◆ **ACTION ITEM**:
Go through the listing below and retype exactly the lines starting at the one with "UUR0G471MCL1GS参考图片" and ending at the one with "New 2026 Chevrolet", skipping pictures.

-=-=-

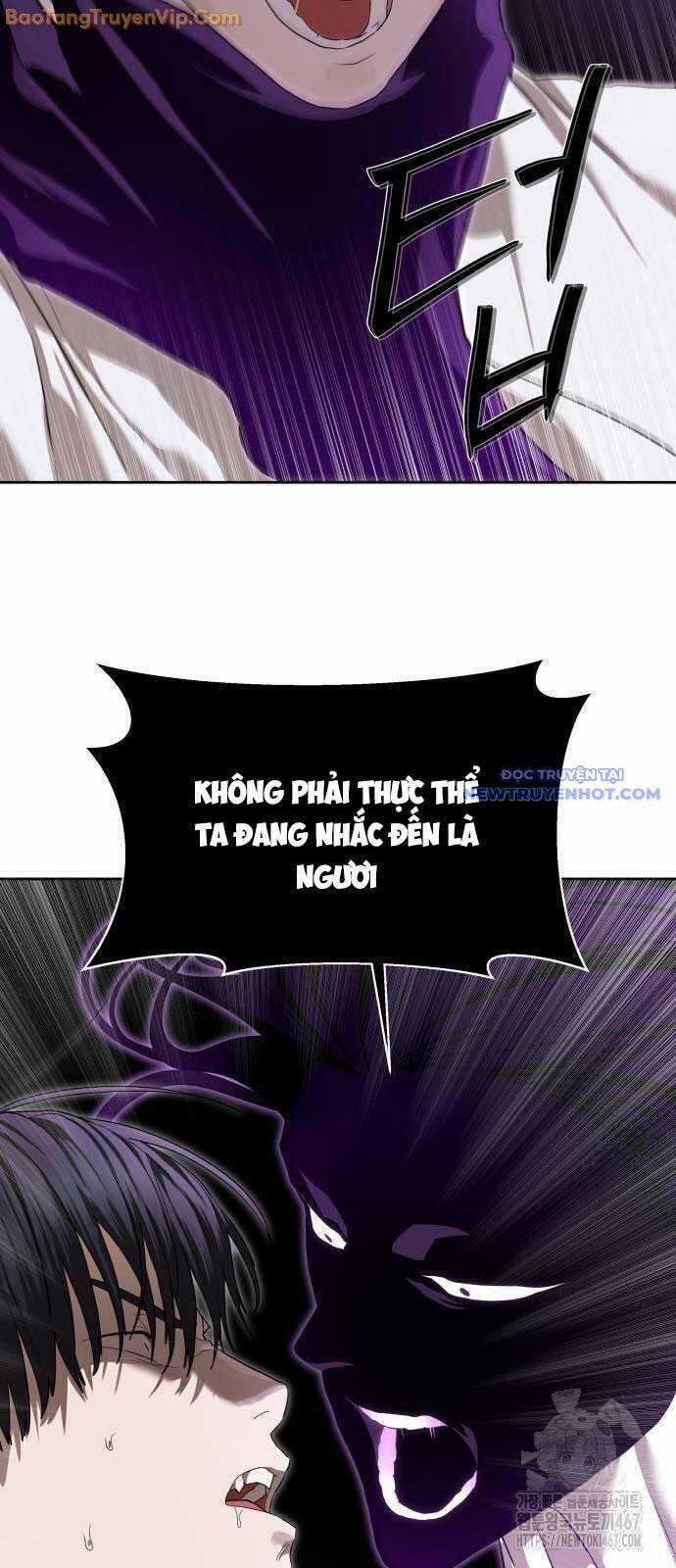 Công Chức Đặc Dị - Chương 39 - Trang 18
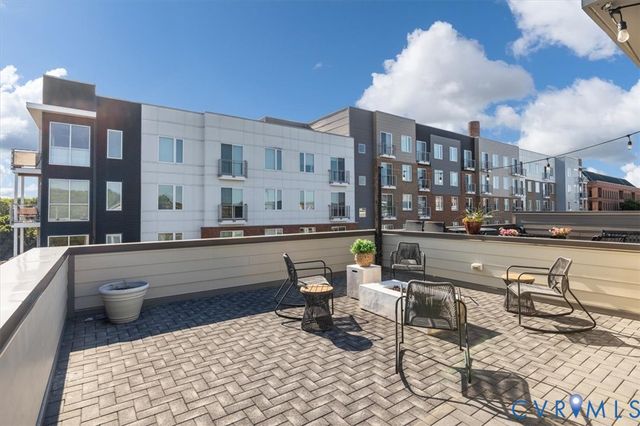 5025 Old Main St, Henrico, VA 23231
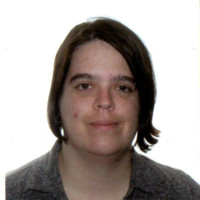 Jaime Burbidge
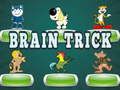Spil Hjernetrick  online
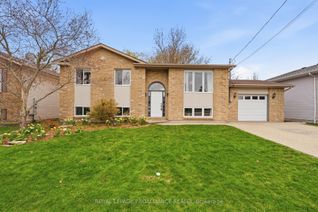 Detached House for Sale, 12 Marina Dr, Brighton, ON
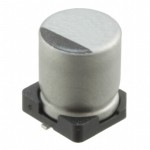 UUR0G471MCL1GS参考图片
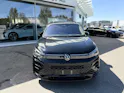 VW Tiguan 2.0 TSI DSG R-Line Plus 4Motion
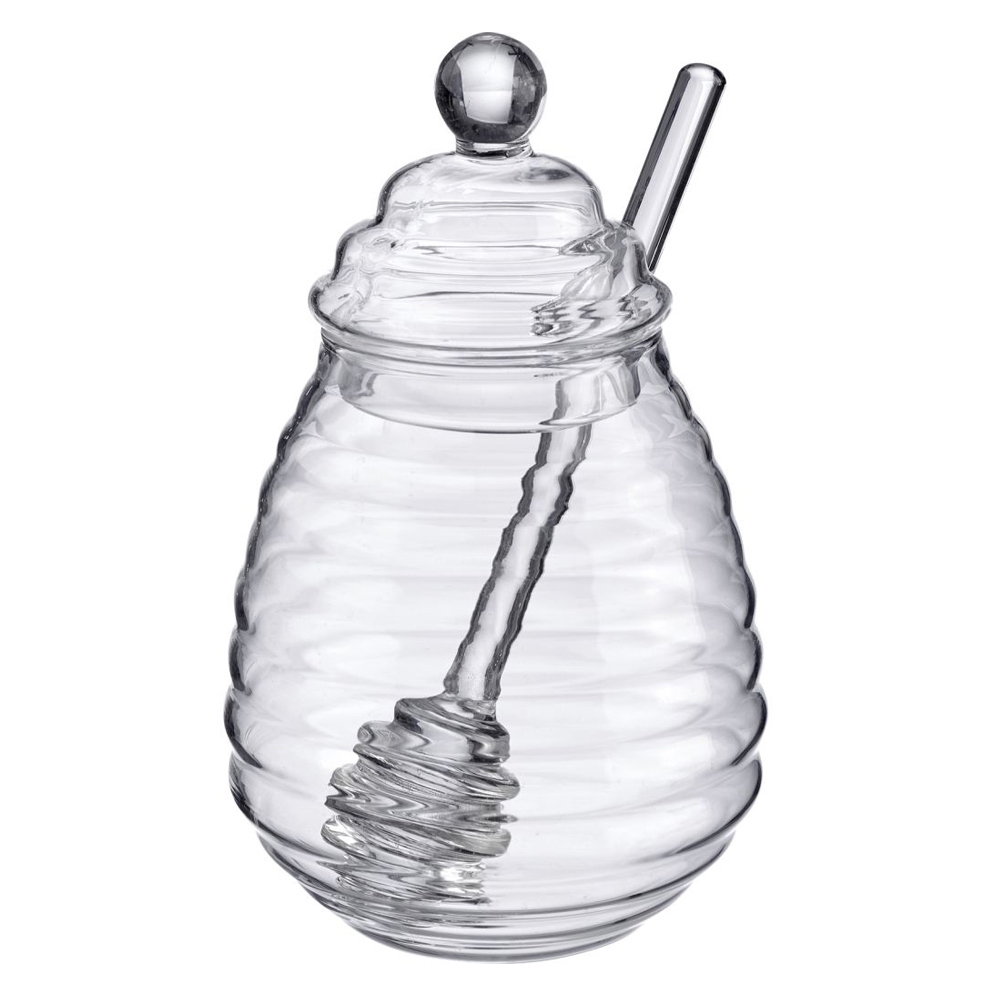 Westmark - honey pot »Melli«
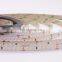 High CRI High efficiency high density high luminous SMD2835 water against DC24V double side PCB led strip light
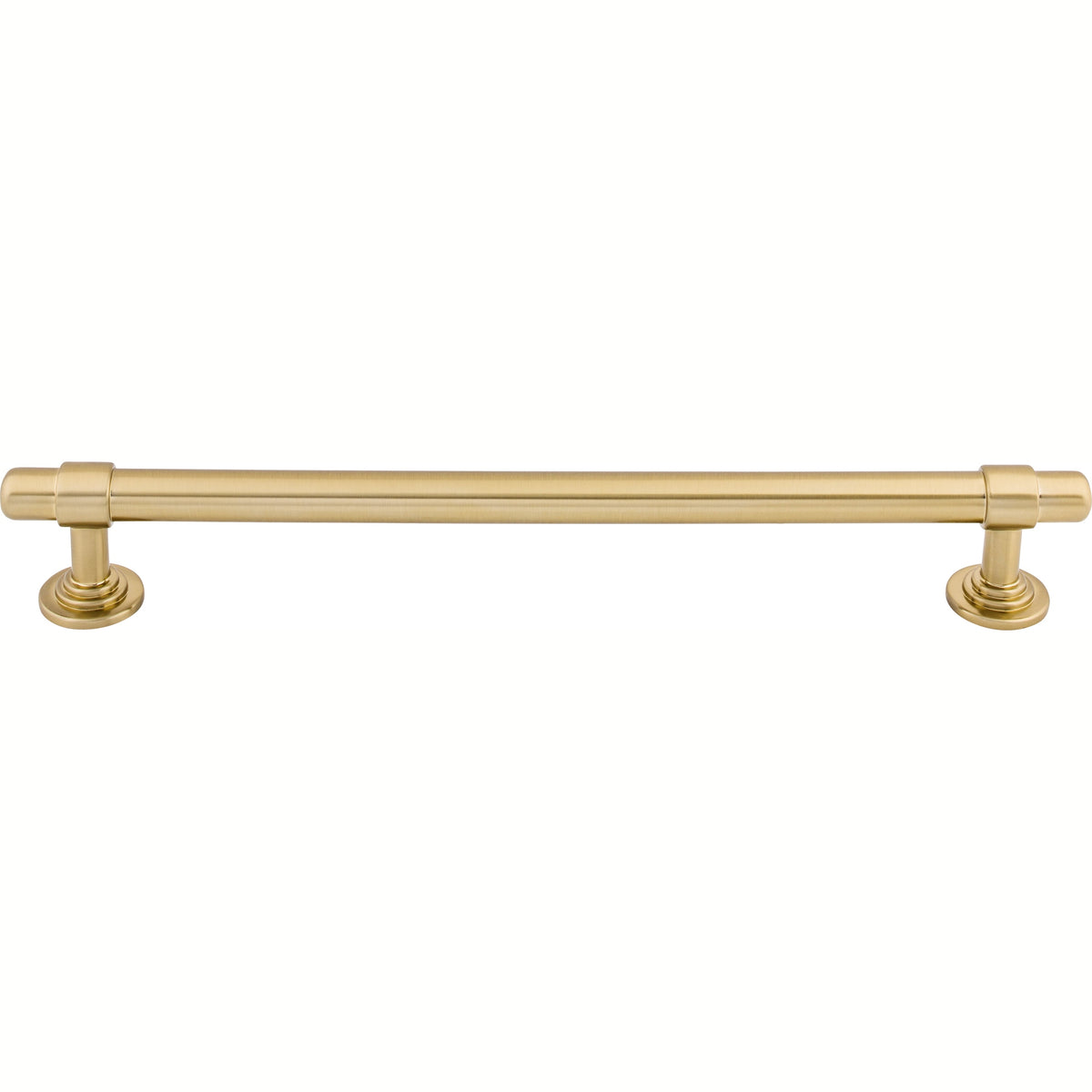 Ellis 18" Center to Center Appliance Pull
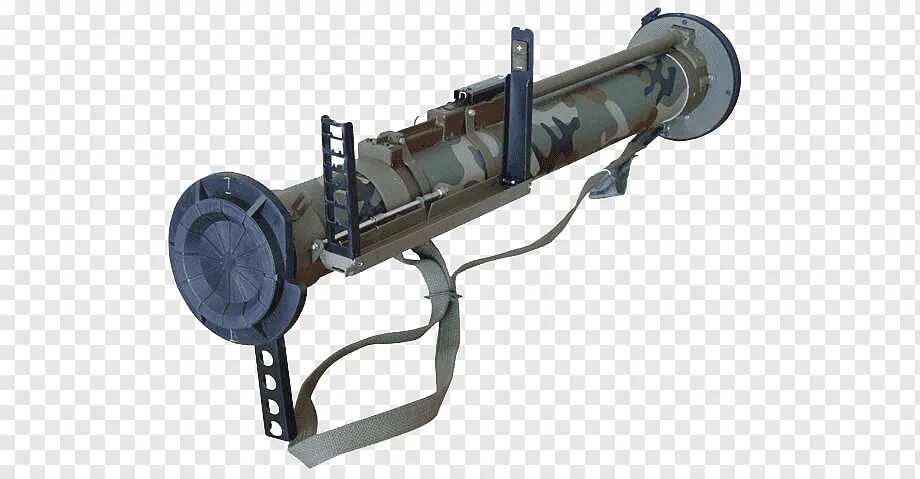 РПГ 40 гранатомет. Anti-Tank Grenade Launcher. Bulspike гранатомёт. Калибр РПГ 22. Танк гранатомет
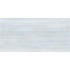 TWU09PSR006 плитка облицовочная Пластер / Plaster 249*500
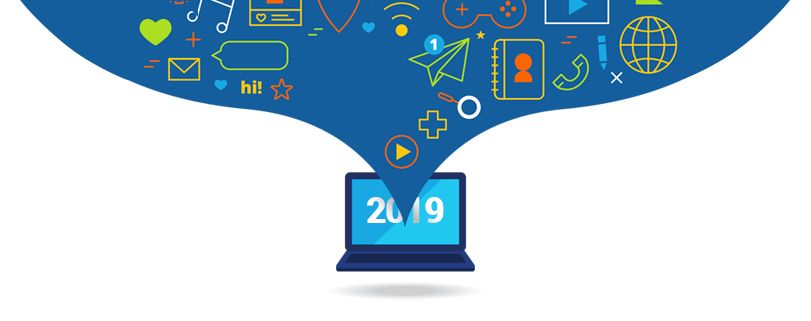 redes sociais 2019 wbs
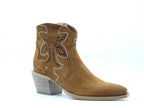 Muratti Rocca – Bottines Femme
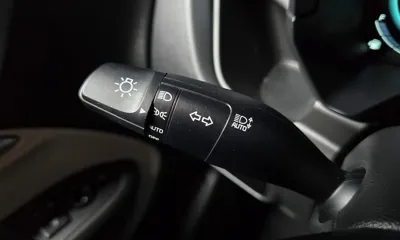 Kia Ray 2024, 57012 км, за 12900000 KRW - фото 30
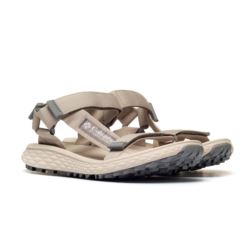 Columbia KONOS GLOBETROT 2126911027
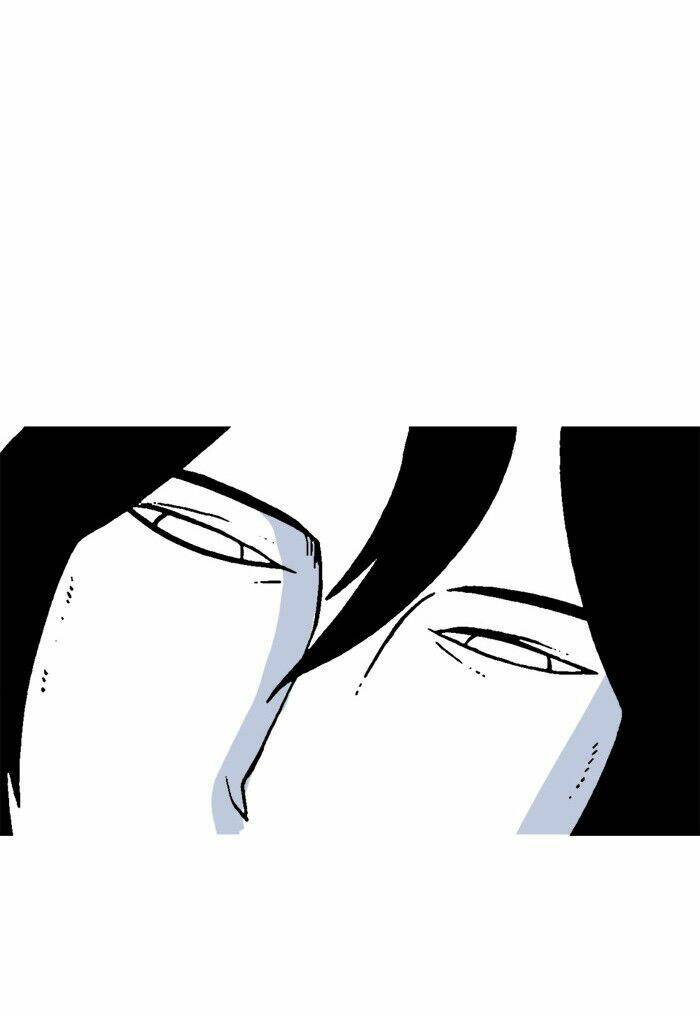 Mắc Kẹt Trên Mặt Trăng: Chapter 6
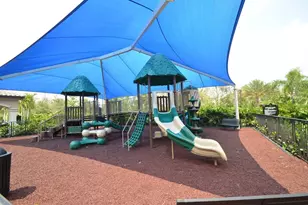 8769 Sydney Harbor Cir, Delray Beach, FL 33446 - Photo 92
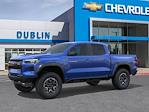 New 2026 Chevrolet Colorado ZR2 Crew Cab 4WD Pickup for sale #C50031 - photo 3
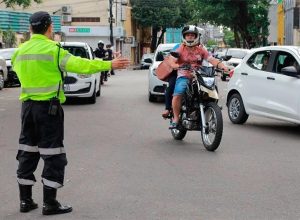 prefeitura-de-aguas-lindas-abre-concurso-com-86-vagas-e-salarios-de-r$-9,6-mil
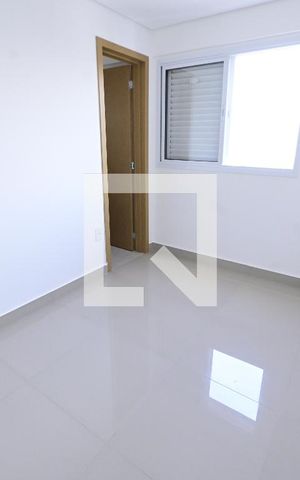 Apartamento à venda com 63m², 2 quartos e 1 vaga Apartamento à venda com 63m², 2 quartos e 1 vagaQuarto 1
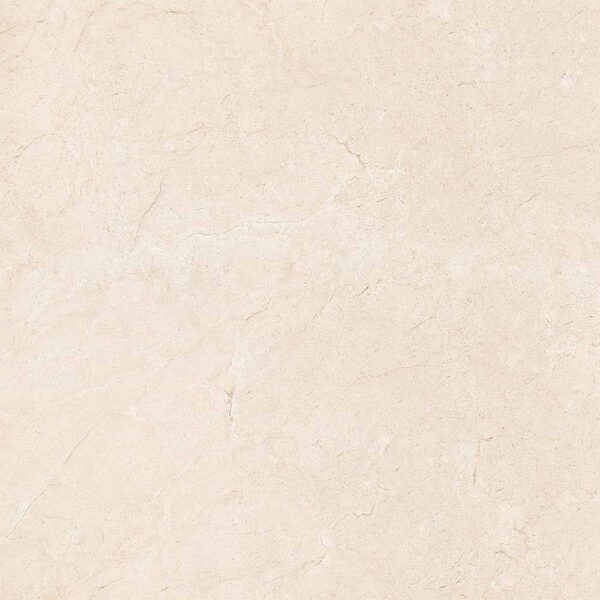 800x800 Crema Marfil LV Tile Beige Color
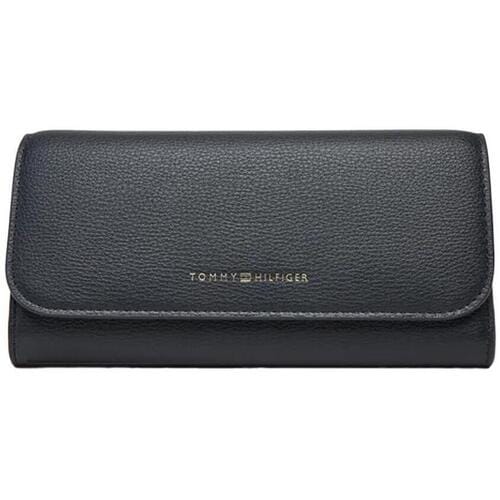 Portemonnee Tommy Hilfiger Flag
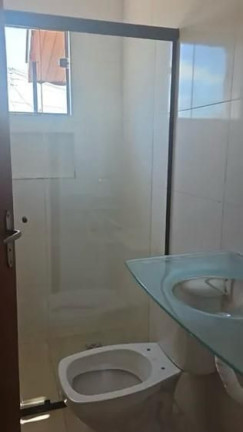 Imagem Sobrado com 3 Quartos à Venda, 150 m² em Parque Senhor Do Bonfim - Taubaté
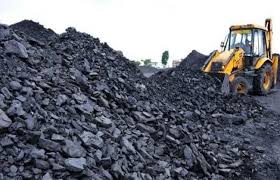 कैप्टिव और वाणिज्यिक कोयला खदानों में 20 मिलियन टन से अधिक कोयले का उत्पादन दर्ज किया गया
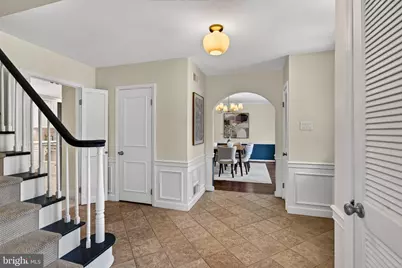 4 Denford Drive, Newtown Square, PA 19073 - Photo 38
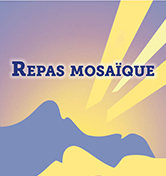Repas-mosaique-agenda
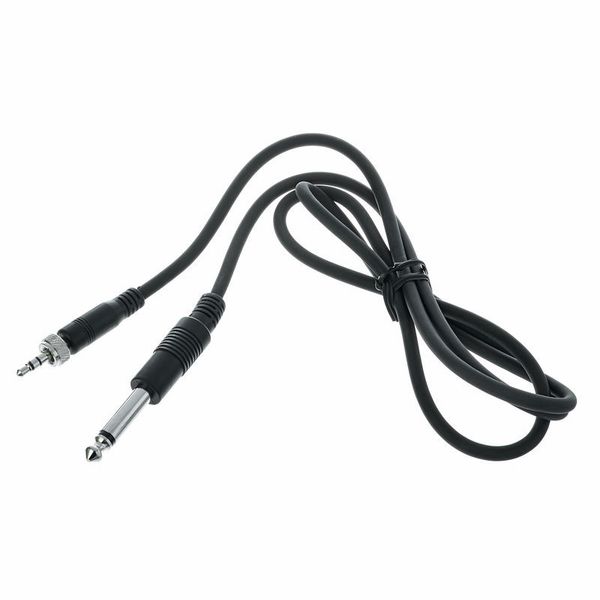 SENNHEISER XSW 1-CI1 B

-=-=-

◆ **RESULT FOR THIS TASK**:
 UUR0G471MCL1GS参考图片
 VW Tiguan 2.0 TSI DSG R-Line Plus 4Motion
 Westmark - honey pot »Melli«
 High CRI High efficiency high density high luminous SMD2835 water against DC24V double side PCB led strip light
 Ellis 18" Center to Center Appliance Pull
 РПГ 40 гранатомет. Anti-Tank Grenade Launcher. Bulspike гранатомёт. Калибр РПГ 22. Танк гранатомет
 TWU09PSR006 плитка облицовочная Пластер / Plaster 249*500
 redes sociais 2019 wbs
 Muratti Rocca – Bottines Femme
 Kia Ray 2024, 57012 км, за 12900000 KRW - фото 30
 Columbia KONOS GLOBETROT 2126911027
 Mắc Kẹt Trên Mặt Trăng: Chapter 6
 8769 Sydney Harbor Cir, Delray Beach, FL 33446 - Photo 92
 New 2026 Chevrolet Colorado ZR2 Crew Cab 4WD Pickup for sale #C50031 - photo 3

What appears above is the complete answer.